Exercise requirements: Give back, exactly as written, the lines of the listing from the top through the line holding "Picture of Tiny", and nothing more. Exclude pictures.

Exercise material:
== Segment start ==
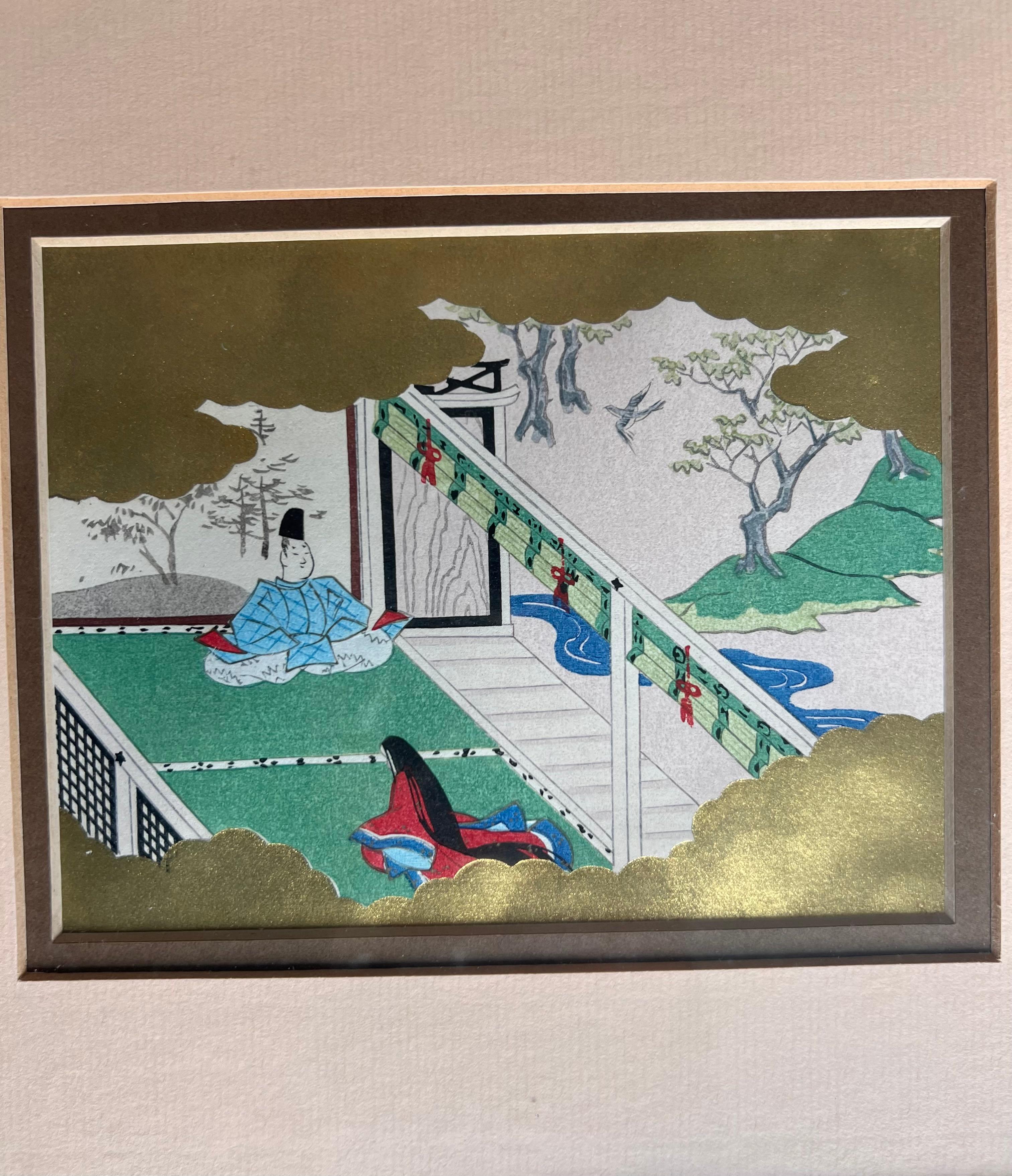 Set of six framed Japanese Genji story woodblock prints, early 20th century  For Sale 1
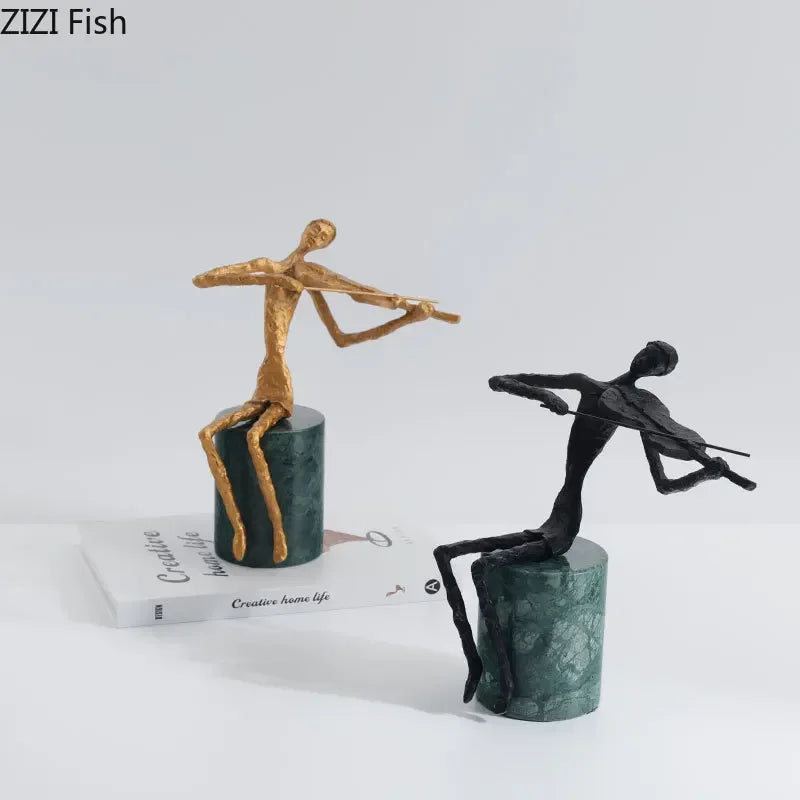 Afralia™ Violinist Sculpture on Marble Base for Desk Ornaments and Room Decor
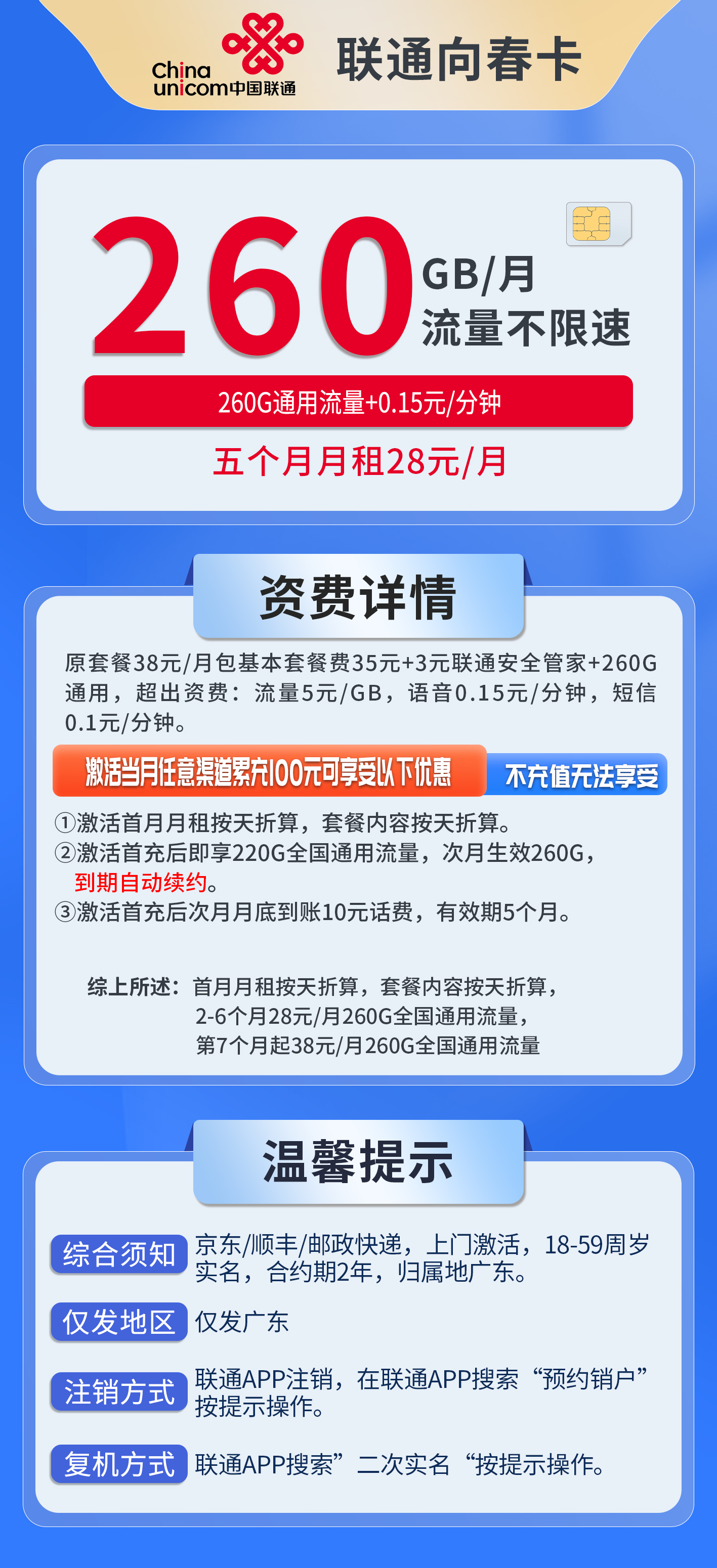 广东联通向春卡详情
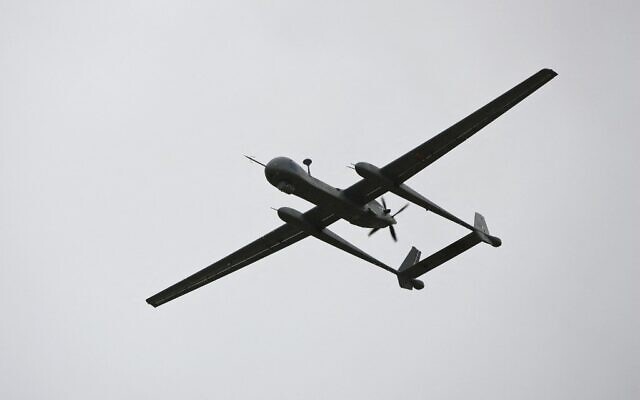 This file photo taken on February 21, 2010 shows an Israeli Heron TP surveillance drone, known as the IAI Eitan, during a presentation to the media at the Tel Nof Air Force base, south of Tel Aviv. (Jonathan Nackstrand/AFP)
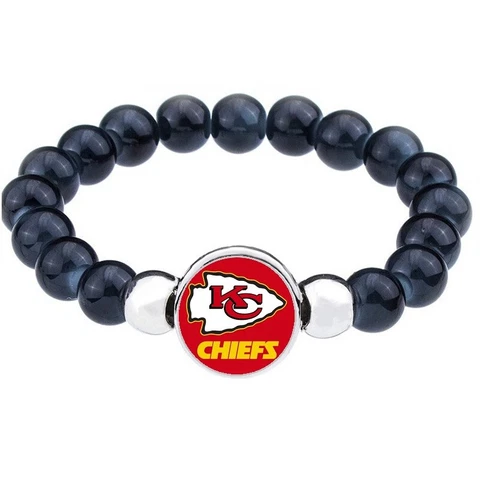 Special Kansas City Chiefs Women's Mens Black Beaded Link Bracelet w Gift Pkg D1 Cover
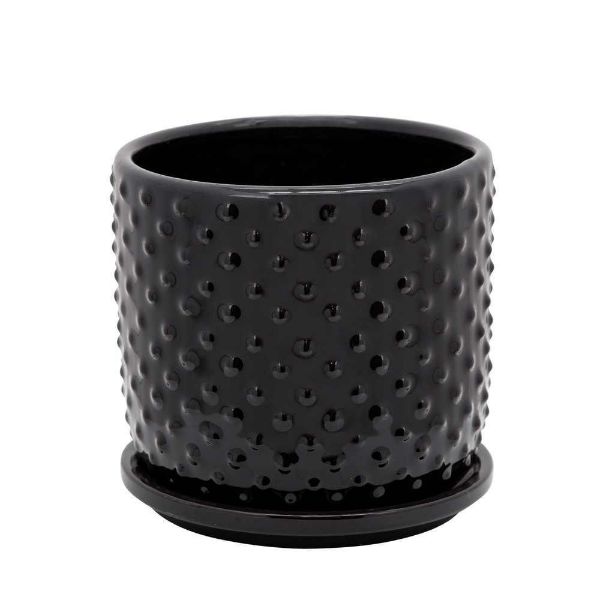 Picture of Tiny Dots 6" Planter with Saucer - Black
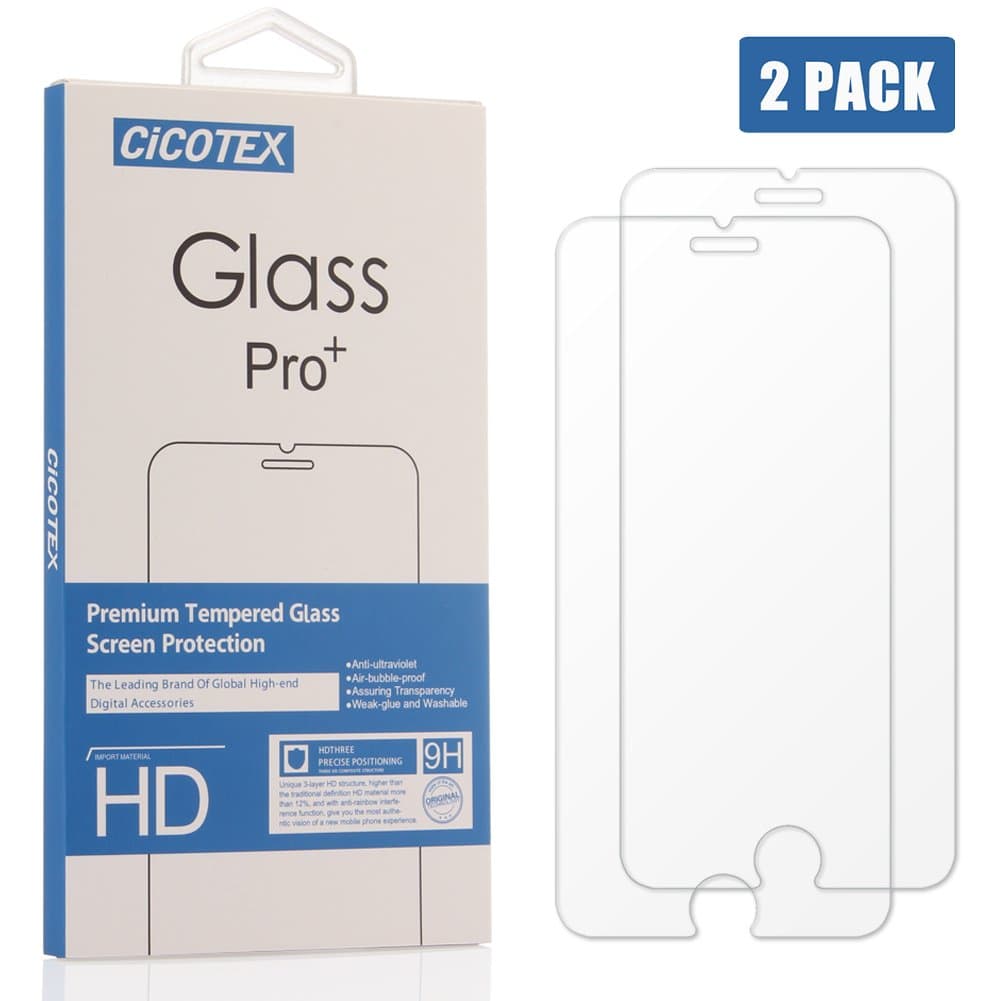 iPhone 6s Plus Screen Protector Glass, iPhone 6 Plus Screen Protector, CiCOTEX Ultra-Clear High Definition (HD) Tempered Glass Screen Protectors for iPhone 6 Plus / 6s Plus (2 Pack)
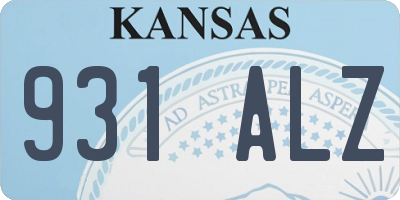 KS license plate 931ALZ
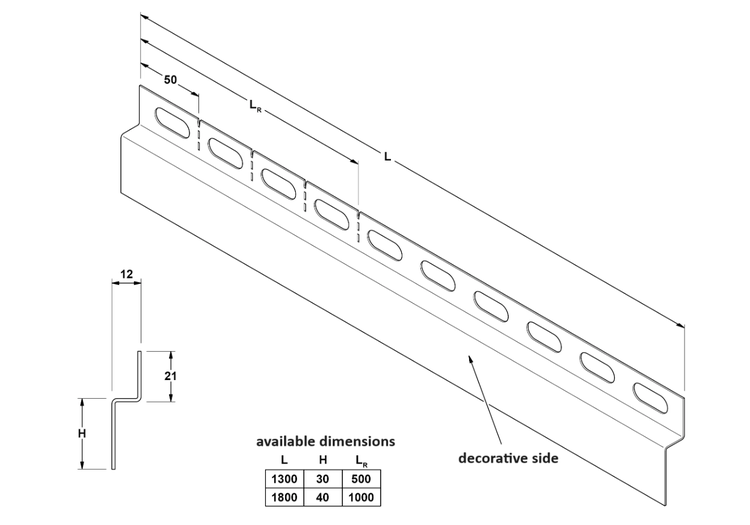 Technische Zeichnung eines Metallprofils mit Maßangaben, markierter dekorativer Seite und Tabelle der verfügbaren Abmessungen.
== Segment end ==
Task answer:
 Set of six framed Japanese Genji story woodblock prints, early 20th century  For Sale 1
 Afralia™ Violinist Sculpture on Marble Base for Desk Ornaments and Room Decor
 广东联通向春卡详情
 This file photo taken on February 21, 2010 shows an Israeli Heron TP surveillance drone, known as the IAI Eitan, during a presentation to the media at the Tel Nof Air Force base, south of Tel Aviv. (Jonathan Nackstrand/AFP)
 Special Kansas City Chiefs Women's Mens Black Beaded Link Bracelet w Gift Pkg D1 Cover
 Picture of Tiny Dots 6" Planter with Saucer - Black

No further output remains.